EXERCISE DIRECTIONS: Look through the records below for the line with "Милые универсальные шлепанцы". Return that line and each one after it up to and including the line with "Designer Silk Tie Set (Black)", exactly.

THE RECORDS:
+--

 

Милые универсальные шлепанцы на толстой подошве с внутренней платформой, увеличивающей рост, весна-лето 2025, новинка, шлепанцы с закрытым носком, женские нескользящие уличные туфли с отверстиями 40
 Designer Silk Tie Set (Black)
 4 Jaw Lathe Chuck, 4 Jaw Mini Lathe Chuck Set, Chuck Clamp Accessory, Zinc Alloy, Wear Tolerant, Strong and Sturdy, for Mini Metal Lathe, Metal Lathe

+--

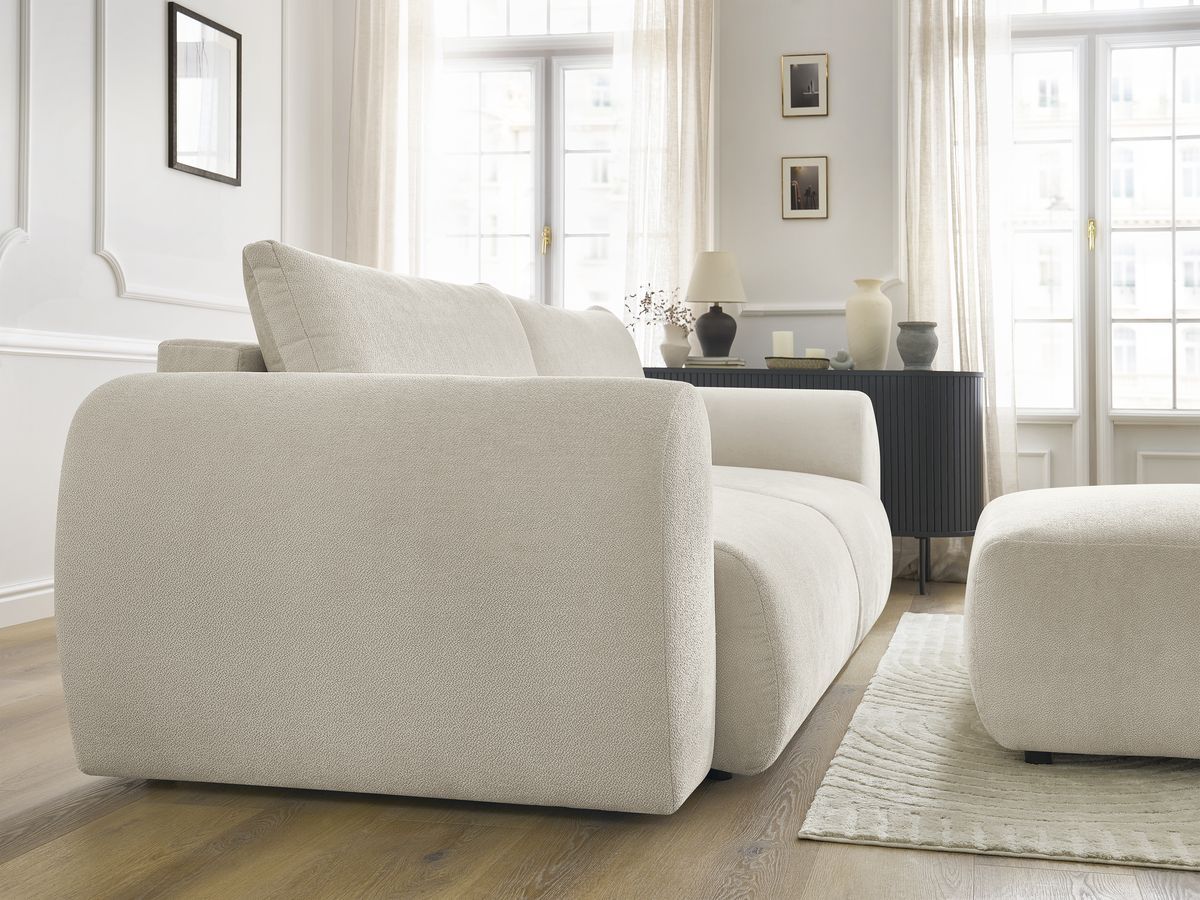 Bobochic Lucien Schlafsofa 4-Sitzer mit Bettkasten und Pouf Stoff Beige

+--

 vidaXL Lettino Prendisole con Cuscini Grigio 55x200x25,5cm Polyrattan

+--

EXERCISE RESPONSE:
Милые универсальные шлепанцы на толстой подошве с внутренней платформой, увеличивающей рост, весна-лето 2025, новинка, шлепанцы с закрытым носком, женские нескользящие уличные туфли с отверстиями 40
 Designer Silk Tie Set (Black)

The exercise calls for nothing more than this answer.